## Assignment
Return only the line containing "Mercedes-Benz C-Class view 16" and each line after it, exactly as written, through the end of the records.

## Excerpted records
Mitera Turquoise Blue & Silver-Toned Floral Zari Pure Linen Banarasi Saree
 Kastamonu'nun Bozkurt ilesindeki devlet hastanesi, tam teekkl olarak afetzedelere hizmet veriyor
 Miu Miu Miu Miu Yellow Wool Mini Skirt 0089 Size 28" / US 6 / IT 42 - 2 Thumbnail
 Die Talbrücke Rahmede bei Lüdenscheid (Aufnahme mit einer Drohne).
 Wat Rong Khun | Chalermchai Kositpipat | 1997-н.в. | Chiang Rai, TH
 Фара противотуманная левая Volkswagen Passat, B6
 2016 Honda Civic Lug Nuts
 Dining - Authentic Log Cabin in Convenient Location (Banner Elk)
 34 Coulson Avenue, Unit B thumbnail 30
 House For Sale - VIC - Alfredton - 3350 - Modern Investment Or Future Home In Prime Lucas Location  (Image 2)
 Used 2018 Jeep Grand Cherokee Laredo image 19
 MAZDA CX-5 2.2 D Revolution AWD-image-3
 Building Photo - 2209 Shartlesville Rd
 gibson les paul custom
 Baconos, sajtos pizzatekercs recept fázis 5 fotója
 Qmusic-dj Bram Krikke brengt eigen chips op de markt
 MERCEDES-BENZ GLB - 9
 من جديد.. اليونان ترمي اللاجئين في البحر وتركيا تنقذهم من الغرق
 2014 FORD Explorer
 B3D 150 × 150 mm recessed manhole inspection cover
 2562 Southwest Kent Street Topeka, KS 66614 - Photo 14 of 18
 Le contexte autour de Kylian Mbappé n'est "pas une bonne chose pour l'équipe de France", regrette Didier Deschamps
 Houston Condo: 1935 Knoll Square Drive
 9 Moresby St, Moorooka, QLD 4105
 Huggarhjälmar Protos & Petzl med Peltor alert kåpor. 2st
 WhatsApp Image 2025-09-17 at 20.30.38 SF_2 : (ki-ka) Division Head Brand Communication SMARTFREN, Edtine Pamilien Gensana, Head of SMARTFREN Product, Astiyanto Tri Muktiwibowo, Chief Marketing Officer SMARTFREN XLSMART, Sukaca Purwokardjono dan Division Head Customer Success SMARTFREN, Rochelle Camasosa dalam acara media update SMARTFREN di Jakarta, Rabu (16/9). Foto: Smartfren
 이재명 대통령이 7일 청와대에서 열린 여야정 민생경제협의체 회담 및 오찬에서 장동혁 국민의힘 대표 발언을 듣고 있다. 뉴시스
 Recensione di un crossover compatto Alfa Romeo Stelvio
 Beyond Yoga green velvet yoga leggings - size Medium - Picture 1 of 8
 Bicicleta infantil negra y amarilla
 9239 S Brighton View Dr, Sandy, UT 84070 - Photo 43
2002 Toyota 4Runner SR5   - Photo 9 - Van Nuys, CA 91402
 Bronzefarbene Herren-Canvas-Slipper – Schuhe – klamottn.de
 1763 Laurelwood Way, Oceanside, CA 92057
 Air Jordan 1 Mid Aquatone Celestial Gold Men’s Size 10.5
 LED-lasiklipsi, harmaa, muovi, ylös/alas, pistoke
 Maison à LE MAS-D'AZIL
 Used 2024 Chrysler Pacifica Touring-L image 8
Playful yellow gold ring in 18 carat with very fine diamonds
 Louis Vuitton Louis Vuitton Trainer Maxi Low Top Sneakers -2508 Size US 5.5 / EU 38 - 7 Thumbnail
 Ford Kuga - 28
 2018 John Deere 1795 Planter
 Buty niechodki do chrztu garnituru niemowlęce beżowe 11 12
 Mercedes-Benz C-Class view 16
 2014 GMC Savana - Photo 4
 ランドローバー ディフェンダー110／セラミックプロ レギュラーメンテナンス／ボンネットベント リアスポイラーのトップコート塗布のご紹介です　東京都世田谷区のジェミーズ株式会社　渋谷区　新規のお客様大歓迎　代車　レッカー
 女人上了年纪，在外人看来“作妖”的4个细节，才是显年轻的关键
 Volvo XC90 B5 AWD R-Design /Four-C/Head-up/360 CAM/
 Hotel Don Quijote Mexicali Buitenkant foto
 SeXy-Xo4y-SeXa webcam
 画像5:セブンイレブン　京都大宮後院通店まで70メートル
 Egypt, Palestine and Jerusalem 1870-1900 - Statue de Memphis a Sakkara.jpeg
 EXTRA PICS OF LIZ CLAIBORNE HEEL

## Expected answer
 Mercedes-Benz C-Class view 16
 2014 GMC Savana - Photo 4
 ランドローバー ディフェンダー110／セラミックプロ レギュラーメンテナンス／ボンネットベント リアスポイラーのトップコート塗布のご紹介です　東京都世田谷区のジェミーズ株式会社　渋谷区　新規のお客様大歓迎　代車　レッカー
 女人上了年纪，在外人看来“作妖”的4个细节，才是显年轻的关键
 Volvo XC90 B5 AWD R-Design /Four-C/Head-up/360 CAM/
 Hotel Don Quijote Mexicali Buitenkant foto
 SeXy-Xo4y-SeXa webcam
 画像5:セブンイレブン　京都大宮後院通店まで70メートル
 Egypt, Palestine and Jerusalem 1870-1900 - Statue de Memphis a Sakkara.jpeg
 EXTRA PICS OF LIZ CLAIBORNE HEEL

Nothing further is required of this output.